贾戎颇为好奇的凑上去看,只见平儿把那画轴猛地一转,只听一阵吱啦啦的响声,好似有什么东西在发生着巨大的响动。贾戎仔细聆听,最终把声音的来源定在位于正房内中间偏左的一张雕花木床下。
贾戎脸色颇为难看。这些房间是让老王收拾的,他本觉得君子坦荡荡,自己没有什么可怀疑的东西,便也不会去怀疑别人。可是,这样的情况还是不由自主的让贾戎觉得心里发毛。还是要·······加强防范阿。
他本就觉得,这张雕花木床放在房间的中间有些不太妥当,但是没有想明白到底为什么不妥当,所以索性不再想这件事。现在想来,这张雕花木床想必就是想要掩盖底下的青石板是空心的这一事实吧!毕竟,实心的地面与空心的石板发出的声音不同,人踩在上面的脚步声也不同,细心的人很快就能发现。而把一张大木床放在上面,无疑是让人难以发现再好不过的主意了。贾戎越想越觉得事情严峻,但现在也顾不得多想,只是,和平儿一起,艰难的把这张雕花木床移开,探寻藏在下面的秘密。
果然,下面的青石板已然沉下,露出一条幽深的小径,垂直而下。
贾戎脸色越发幽深,他与平儿对视一眼。平儿脸上依然平静,显然已经料想过了这样的事实。贾戎正想对平儿说让她在上面看着,自己下去看看,平儿已经先说出了口,“这种事情,危险度甚高,我是不赞成您去的。况且,我们这能用的人很少,还望您从长计议。”
贾戎点了点头,道,“我只怕……夜长梦多。”
平儿也怔了一怔,明白了贾戎的顾虑。她只是摇了摇头。“梦多有有什么打紧的,左右不会伤了自己人。只是爷您抓紧来也是不打紧的。”
平儿又正了正神色。“这件事,说大不大,说小不小。下面要是是私底下的密室倒不打紧,就怕还通向了什么要命的地方,一朝被发现,您可就满身是嘴也说不清楚了。”
贾戎听了,一双凤眼微微眯起,脸上露出几分高傲的神色,还带上几分嘲讽心态,“想要阴我,恐怕这里的人道行都还差了些。
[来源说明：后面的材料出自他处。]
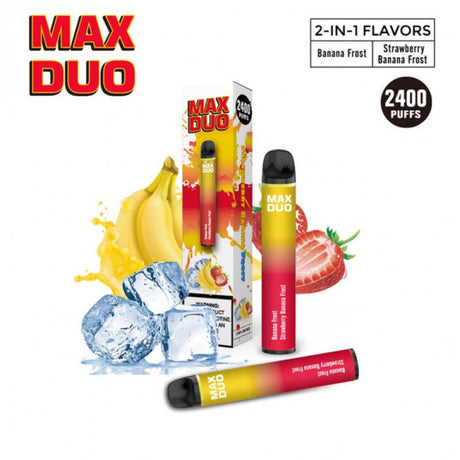 MAX DUO DISPOSABLE | 2400 PUFFS - E-Juice Steals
平儿,你且等着,就今晚了,我联系几个心腹,我们一起下去看看。”
平儿看到贾戎与往常分外不同的状态,这种运筹帷幄的高傲和强势与之前在贾府中的温柔小意风流倜傥那么不相似。平儿咬了咬自己的唇,心里不由自主地想起了贾琏,却是又忍不住伤感起来。沉吟了一会儿,她也不再沉浸在自己的情绪里,吩咐自己可信的丫鬟把老王的人细细的看管起来,“你们去,看那些个人都干了什么,就是撒泡尿你们也得给我记着!”
却说贾戎在干什么呢?
贾戎听完平儿所说的话,面上表情虽然沉定,但内心里早已翻出了滔天巨浪!他从未看到过这样巧夺天工的技术,能够严丝合缝的藏起密道;他也从未想到过人心有多么可怕,藏着让人怎么也猜不到的秘密;他更想不到,一座普通的宅院就能无缘无故的给他带来这样的杀机!
贾戎此刻分外认识到,他如今是在一个皇权专制的社会里,任何人生命都可以被视作草芥;他如今是在一个分外不发达的世界里,你可以一不小心就消失的无声无息!
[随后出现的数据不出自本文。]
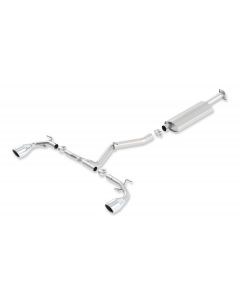 Borla 13-15 Scion FR-S 2.0L 4cyl 6spd / 13 Subaru BRZ 2.0L 4cyl 6spd SS Catback Exhaust - 140496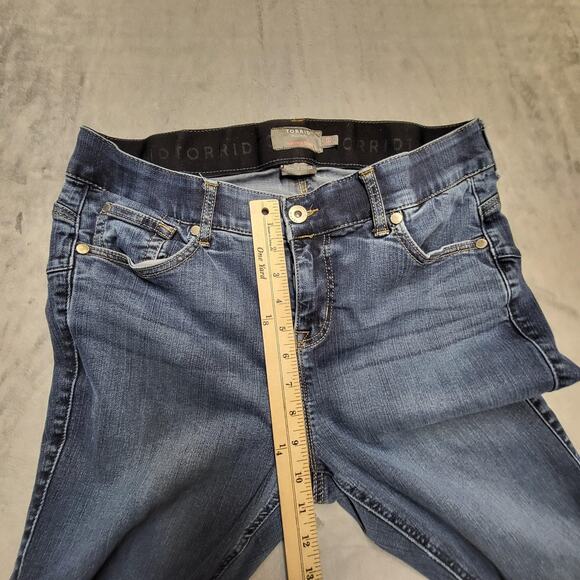 Torrid Jeans Womens 14R Blue Bombshell Skinny Stretch Denim High Rise Wash - Picture 7 of 10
那些日子里吃的苦,让贾戎明白了自己是真是活在这个世界上的,而不是一场黄粱迷梦。而今天平儿所说的这个诡秘的入口,更让他认识到,自己确确实实在生活,踏错一步便足以万劫不复!
贾戎想到这里,更是激动。更让他后怕的事情是————如果自己没有遇上平儿呢?是不是一直住在那个别院里,直到老死也不知道有个密道的事情?或者是无缘无故就被那个秘密累及,消失的无声无息?
贾戎想到这里,更是觉得激动。他抚着胸口顺了顺气,越来越觉得事不宜迟。
但,这种事情也是急不得的。贾戎毕竟是商场上驰骋过的人物,把控制心绪贯彻的淋漓尽致,很快就稳定了自己的情绪,恢复了理智。
贾戎想了想,吩咐自己手边的丫鬟通知老王自己要去城里的宅子一趟,拿新买的玻璃纱做窗纱给平儿使,让他备一辆马车,还有准备几个得用的人手搬东西。吩咐完了,贾戎便坐在桌前喝茶,态度轻松的看不出异常。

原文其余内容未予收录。